►

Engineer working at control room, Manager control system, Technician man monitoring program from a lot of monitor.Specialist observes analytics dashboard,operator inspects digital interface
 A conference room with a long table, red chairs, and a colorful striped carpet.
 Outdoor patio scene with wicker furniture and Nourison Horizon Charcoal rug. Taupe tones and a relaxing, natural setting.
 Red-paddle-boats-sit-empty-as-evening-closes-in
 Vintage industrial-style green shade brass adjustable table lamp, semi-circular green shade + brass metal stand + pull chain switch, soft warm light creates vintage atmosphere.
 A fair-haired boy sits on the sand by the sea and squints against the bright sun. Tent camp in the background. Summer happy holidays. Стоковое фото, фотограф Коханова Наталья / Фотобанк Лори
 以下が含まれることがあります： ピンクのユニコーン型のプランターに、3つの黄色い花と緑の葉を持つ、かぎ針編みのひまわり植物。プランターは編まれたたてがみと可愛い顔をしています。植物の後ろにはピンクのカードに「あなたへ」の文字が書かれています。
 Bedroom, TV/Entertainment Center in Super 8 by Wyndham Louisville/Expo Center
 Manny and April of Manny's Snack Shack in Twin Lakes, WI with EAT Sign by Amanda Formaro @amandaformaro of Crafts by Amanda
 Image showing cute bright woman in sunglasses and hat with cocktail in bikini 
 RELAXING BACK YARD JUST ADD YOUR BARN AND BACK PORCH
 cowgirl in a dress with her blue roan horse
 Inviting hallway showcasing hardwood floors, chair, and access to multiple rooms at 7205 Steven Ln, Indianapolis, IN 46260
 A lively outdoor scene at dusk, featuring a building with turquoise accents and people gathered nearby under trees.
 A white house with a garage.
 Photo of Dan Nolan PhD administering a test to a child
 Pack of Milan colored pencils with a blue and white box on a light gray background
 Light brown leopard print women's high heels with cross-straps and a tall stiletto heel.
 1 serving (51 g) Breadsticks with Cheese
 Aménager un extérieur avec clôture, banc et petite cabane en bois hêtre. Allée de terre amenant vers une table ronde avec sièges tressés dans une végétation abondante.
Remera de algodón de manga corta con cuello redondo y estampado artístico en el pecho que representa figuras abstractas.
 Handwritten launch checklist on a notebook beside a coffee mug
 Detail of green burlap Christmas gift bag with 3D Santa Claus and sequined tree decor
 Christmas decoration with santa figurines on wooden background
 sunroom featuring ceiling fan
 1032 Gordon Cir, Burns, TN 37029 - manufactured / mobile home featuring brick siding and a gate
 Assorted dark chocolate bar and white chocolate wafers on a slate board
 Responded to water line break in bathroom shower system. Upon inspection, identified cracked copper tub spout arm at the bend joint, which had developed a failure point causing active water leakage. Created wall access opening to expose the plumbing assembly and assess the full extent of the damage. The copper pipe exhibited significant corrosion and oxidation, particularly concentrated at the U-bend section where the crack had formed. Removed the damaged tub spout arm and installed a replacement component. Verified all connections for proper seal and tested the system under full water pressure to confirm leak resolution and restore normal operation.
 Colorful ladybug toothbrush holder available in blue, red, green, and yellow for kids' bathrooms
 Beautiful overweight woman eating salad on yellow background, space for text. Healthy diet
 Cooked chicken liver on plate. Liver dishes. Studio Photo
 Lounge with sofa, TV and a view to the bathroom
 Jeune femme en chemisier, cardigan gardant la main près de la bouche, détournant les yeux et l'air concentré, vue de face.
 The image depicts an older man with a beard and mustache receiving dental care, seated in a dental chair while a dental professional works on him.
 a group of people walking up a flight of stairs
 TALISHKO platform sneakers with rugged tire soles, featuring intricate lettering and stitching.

◄

■ TRY IT: Could you return the data above exactly as it stands?

■ TASK RESULT:
Engineer working at control room, Manager control system, Technician man monitoring program from a lot of monitor.Specialist observes analytics dashboard,operator inspects digital interface
 A conference room with a long table, red chairs, and a colorful striped carpet.
 Outdoor patio scene with wicker furniture and Nourison Horizon Charcoal rug. Taupe tones and a relaxing, natural setting.
 Red-paddle-boats-sit-empty-as-evening-closes-in
 Vintage industrial-style green shade brass adjustable table lamp, semi-circular green shade + brass metal stand + pull chain switch, soft warm light creates vintage atmosphere.
 A fair-haired boy sits on the sand by the sea and squints against the bright sun. Tent camp in the background. Summer happy holidays. Стоковое фото, фотограф Коханова Наталья / Фотобанк Лори
 以下が含まれることがあります： ピンクのユニコーン型のプランターに、3つの黄色い花と緑の葉を持つ、かぎ針編みのひまわり植物。プランターは編まれたたてがみと可愛い顔をしています。植物の後ろにはピンクのカードに「あなたへ」の文字が書かれています。
 Bedroom, TV/Entertainment Center in Super 8 by Wyndham Louisville/Expo Center
 Manny and April of Manny's Snack Shack in Twin Lakes, WI with EAT Sign by Amanda Formaro @amandaformaro of Crafts by Amanda
 Image showing cute bright woman in sunglasses and hat with cocktail in bikini 
 RELAXING BACK YARD JUST ADD YOUR BARN AND BACK PORCH
 cowgirl in a dress with her blue roan horse
 Inviting hallway showcasing hardwood floors, chair, and access to multiple rooms at 7205 Steven Ln, Indianapolis, IN 46260
 A lively outdoor scene at dusk, featuring a building with turquoise accents and people gathered nearby under trees.
 A white house with a garage.
 Photo of Dan Nolan PhD administering a test to a child
 Pack of Milan colored pencils with a blue and white box on a light gray background
 Light brown leopard print women's high heels with cross-straps and a tall stiletto heel.
 1 serving (51 g) Breadsticks with Cheese
 Aménager un extérieur avec clôture, banc et petite cabane en bois hêtre. Allée de terre amenant vers une table ronde avec sièges tressés dans une végétation abondante.
Remera de algodón de manga corta con cuello redondo y estampado artístico en el pecho que representa figuras abstractas.
 Handwritten launch checklist on a notebook beside a coffee mug
 Detail of green burlap Christmas gift bag with 3D Santa Claus and sequined tree decor
 Christmas decoration with santa figurines on wooden background
 sunroom featuring ceiling fan
 1032 Gordon Cir, Burns, TN 37029 - manufactured / mobile home featuring brick siding and a gate
 Assorted dark chocolate bar and white chocolate wafers on a slate board
 Responded to water line break in bathroom shower system. Upon inspection, identified cracked copper tub spout arm at the bend joint, which had developed a failure point causing active water leakage. Created wall access opening to expose the plumbing assembly and assess the full extent of the damage. The copper pipe exhibited significant corrosion and oxidation, particularly concentrated at the U-bend section where the crack had formed. Removed the damaged tub spout arm and installed a replacement component. Verified all connections for proper seal and tested the system under full water pressure to confirm leak resolution and restore normal operation.
 Colorful ladybug toothbrush holder available in blue, red, green, and yellow for kids' bathrooms
 Beautiful overweight woman eating salad on yellow background, space for text. Healthy diet
 Cooked chicken liver on plate. Liver dishes. Studio Photo
 Lounge with sofa, TV and a view to the bathroom
 Jeune femme en chemisier, cardigan gardant la main près de la bouche, détournant les yeux et l'air concentré, vue de face.
 The image depicts an older man with a beard and mustache receiving dental care, seated in a dental chair while a dental professional works on him.
 a group of people walking up a flight of stairs
 TALISHKO platform sneakers with rugged tire soles, featuring intricate lettering and stitching.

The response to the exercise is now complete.